Material to process below:

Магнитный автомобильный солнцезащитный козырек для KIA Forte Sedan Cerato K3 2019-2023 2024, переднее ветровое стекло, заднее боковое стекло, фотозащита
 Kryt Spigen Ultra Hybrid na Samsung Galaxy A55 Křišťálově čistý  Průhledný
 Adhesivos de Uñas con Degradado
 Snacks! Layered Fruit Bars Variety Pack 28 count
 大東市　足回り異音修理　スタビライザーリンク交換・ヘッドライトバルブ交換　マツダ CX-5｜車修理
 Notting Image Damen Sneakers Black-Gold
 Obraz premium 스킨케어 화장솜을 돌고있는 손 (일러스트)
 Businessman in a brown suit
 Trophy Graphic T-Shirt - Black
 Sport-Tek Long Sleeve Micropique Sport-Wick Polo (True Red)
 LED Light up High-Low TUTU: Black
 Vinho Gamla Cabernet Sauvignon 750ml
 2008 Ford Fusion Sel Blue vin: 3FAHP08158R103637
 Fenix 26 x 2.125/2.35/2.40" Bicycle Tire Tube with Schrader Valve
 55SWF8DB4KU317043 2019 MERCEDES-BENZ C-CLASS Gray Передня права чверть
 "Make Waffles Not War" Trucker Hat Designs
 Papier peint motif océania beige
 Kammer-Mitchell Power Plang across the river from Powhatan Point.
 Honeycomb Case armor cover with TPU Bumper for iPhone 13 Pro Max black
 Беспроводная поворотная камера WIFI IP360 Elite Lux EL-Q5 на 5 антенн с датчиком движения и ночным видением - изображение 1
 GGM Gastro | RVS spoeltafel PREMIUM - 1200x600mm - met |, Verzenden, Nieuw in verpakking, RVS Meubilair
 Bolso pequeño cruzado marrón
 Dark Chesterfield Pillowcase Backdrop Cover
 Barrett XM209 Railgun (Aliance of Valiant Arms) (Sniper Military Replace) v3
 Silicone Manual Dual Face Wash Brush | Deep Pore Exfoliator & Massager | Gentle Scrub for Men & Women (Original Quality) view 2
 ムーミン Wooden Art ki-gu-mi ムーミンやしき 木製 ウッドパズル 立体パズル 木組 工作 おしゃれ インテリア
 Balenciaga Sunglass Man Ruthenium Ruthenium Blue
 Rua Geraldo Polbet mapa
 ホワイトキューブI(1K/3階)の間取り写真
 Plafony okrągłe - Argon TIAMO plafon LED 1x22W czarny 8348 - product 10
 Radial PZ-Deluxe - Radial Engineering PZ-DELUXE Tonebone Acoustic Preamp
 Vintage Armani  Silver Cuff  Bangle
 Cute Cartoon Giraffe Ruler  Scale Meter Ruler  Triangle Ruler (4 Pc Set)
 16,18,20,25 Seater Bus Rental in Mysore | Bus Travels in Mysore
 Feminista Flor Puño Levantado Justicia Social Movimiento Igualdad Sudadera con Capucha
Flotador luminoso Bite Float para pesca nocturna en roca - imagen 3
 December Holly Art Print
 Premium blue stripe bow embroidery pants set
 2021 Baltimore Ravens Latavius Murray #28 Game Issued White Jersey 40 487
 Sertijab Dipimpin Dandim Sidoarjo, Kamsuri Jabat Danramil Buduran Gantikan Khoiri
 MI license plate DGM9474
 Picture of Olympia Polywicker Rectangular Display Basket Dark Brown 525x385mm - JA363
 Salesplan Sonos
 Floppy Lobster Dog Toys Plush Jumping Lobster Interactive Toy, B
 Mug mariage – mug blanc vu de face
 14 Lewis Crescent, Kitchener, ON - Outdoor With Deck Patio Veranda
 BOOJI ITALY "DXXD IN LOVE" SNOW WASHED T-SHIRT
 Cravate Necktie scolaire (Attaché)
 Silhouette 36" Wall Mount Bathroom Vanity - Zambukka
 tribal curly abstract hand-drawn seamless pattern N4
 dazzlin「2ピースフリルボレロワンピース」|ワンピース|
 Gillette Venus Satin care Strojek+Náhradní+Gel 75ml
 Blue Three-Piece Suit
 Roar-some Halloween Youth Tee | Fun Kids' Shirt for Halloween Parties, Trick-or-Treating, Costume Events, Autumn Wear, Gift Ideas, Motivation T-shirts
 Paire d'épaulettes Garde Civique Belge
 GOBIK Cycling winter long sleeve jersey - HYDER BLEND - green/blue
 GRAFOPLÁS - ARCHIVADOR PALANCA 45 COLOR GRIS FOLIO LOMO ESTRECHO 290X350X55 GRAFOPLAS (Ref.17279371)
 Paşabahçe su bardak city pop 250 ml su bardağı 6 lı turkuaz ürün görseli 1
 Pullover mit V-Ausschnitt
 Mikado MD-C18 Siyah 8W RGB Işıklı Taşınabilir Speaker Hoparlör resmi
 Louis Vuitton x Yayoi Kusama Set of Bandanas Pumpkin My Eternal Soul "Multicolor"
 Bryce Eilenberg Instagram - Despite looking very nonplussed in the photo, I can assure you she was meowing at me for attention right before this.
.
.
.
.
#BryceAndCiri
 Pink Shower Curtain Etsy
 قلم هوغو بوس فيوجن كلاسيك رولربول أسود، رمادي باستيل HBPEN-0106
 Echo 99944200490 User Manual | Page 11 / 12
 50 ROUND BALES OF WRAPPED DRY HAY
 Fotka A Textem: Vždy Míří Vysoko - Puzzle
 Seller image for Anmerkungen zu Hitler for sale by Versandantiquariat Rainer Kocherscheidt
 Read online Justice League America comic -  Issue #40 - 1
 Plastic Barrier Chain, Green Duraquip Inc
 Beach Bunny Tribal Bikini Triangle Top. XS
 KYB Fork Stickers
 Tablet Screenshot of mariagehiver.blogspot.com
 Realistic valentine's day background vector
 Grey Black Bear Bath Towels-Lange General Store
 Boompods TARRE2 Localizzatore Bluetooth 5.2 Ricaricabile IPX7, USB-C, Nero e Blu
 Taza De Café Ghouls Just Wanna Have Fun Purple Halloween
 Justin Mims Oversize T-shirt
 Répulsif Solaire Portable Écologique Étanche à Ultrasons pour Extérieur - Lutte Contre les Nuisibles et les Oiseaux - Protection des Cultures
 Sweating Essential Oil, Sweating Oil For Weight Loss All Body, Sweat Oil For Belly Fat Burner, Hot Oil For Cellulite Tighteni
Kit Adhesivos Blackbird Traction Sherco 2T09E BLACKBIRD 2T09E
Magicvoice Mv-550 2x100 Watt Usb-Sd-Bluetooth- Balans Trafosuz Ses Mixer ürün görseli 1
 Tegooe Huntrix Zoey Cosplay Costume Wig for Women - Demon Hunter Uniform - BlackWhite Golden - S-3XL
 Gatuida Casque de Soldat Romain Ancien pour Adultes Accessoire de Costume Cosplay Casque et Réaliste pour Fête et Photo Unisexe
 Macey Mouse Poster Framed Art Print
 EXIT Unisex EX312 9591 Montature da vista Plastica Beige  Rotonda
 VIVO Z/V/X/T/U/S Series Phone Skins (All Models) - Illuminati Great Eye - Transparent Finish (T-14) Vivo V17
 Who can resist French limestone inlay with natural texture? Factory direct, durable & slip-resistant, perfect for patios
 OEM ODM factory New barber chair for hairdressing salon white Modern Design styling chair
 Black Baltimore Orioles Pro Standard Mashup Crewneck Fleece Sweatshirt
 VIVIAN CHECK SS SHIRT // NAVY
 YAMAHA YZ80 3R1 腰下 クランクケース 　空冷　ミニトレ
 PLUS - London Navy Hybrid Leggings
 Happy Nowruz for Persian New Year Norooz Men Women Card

End of Material to process.

#### Task instructions
Where a line in the entries holds "Baltimore", copy that line.

#### Solved problem
 2021 Baltimore Ravens Latavius Murray #28 Game Issued White Jersey 40 487
 Black Baltimore Orioles Pro Standard Mashup Crewneck Fleece Sweatshirt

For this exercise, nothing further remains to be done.